また、レトロウイルスベクターを用いて特定のTCRβ鎖を発現させたレトロジェニックマウスを作製し、次世代シークエンスによってTCRα鎖のレパトアを定量的に解析する手法を確立した。G49SマウスではCD8 T細胞のTCRレパトアの一部が失われ、個体間のTCRの差異が増加していることがわかった。

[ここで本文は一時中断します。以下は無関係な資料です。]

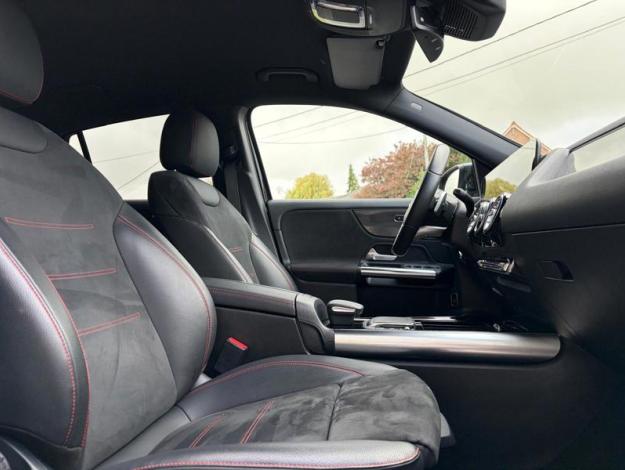 MERCEDES-BENZ GLA-Klasse GLA 200 Off-Roader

さらに、代表的なTCRをクローニングしてレトロジェニックマウスを作製し、G49S variationによる影響が再現されることを確認した。これらはPsmb11の作用機序および正の選択の動作原理の解明につながる成果であるとともに、他のプロテアソームやリソソームプロテアーゼのgenetic variationの生理的意義を調べるための基盤技術として重要である。

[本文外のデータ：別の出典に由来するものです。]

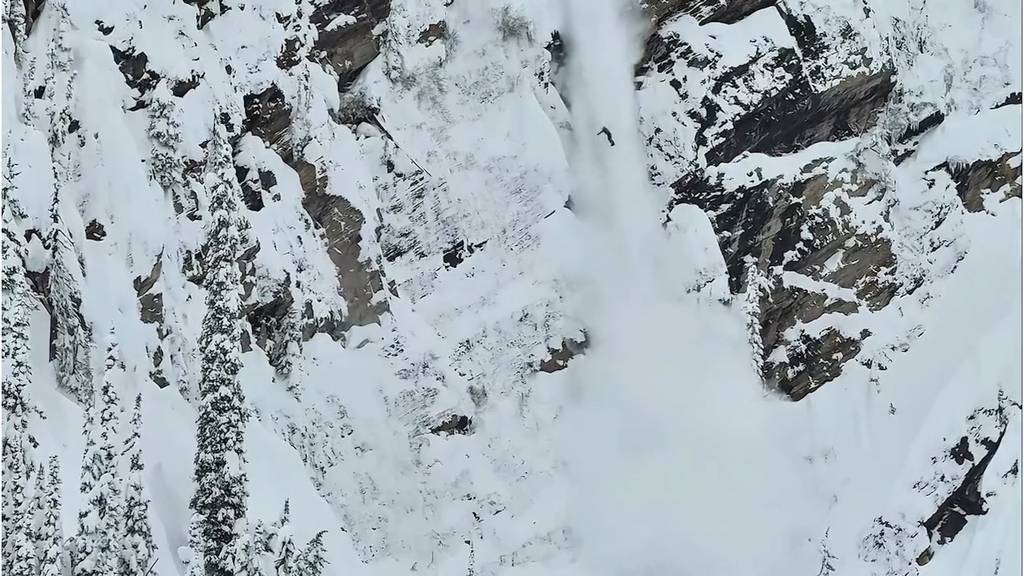 Schneemobil-Fahrer stürzt massive Klippe hinab – und wird nur leicht verletzt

ヒト疾患との関連解析においては、G49S variationのホモ接合とシェーグレン症候群の発症との間に有意な関連が認められた。G49S variationがシェーグレン症候群を引き起こすメカニズムは未だ不明である。
以上の成果により、β5t(PSMB11)のgenetic variationが胸腺における自己ペプチド生成に影響を及ぼし、CD8 T細胞のレパトア選択と自己免疫疾患の感受性を変化させることを明らかにし、研究目的の大部分を達成することができた。CD8 T細胞レパトアと自己免疫疾患の因果関係や、プロテアソーム分子構造への影響の解明、PSMB11以外のプロテアソーム遺伝子についての検証などが今後の課題である。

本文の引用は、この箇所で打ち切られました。